The Peugeot three-dimensional Lion logo sits on the front grill of a Peugeot automobile at the company’s headquarters in Paris, France, on Monday, March 6, 2017. PSA Group agreed to buy General Motors Co.’s Opel unit in a transaction valued at 2.2 billion euro ($2.3 billion), creating Europe’s second-largest carmaker in a bid to better compete in the region’s saturated market. Photographer: Christophe Morin/Bloomberg

INTERNATIONAL – Car buffs with a taste for Gallic style may have to wait a while longer for French cars to return to the U.S., thanks in part to President Donald Trump.
PSA Group has been plotting a return to the American market by 2026 — first with a car-sharing service, then actually selling vehicles. But if Trump follows through on a potential 25 percent tariff on imported cars, the French automaker could look to Canada first and wait and see what happens with the U.S., said Larry Dominique, president of PSA North America. The company may have to offer more expensive vehicles due to higher levies, he said.
“Tariffs are on our minds,” Dominique said Tuesday during a presentation to the Automotive Press Association in Detroit. “Tariffs impact how fast and at what price point we import vehicles into the U.S. I’m crossing my fingers.”

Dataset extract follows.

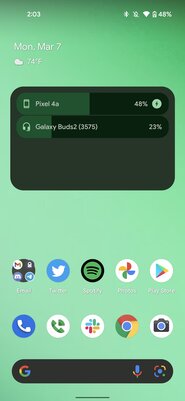 Новый виджет Google для Android показывает заряд Bluetooth-наушников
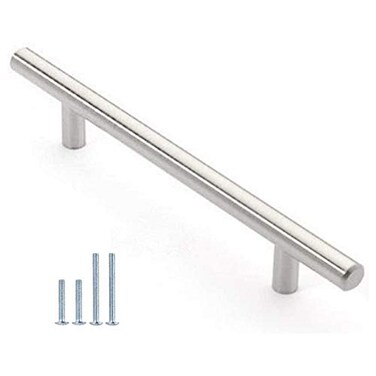 Wang-Data WangData 30 Pack 12mm Stainless Steel Kitchen Cabinet Handles T Bar Pull 8 Overall Length5 Hole Centers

Dominique, a former Nissan Motor Co. executive, said PSA has already started engineering its future models to meet U.S. safety and emissions rules. The company, which left the American market in 1991, hasn’t decided whether to mount a comeback with the brands Peugeot, Citroen, or its luxury line DS.
The free-trade deal Canada clinched with the European Union last year would make America’s northern neighbor a snap. And it won’t hurt that part of the population speaks French.
“We think we’ll have success in Quebec,” Dominique said.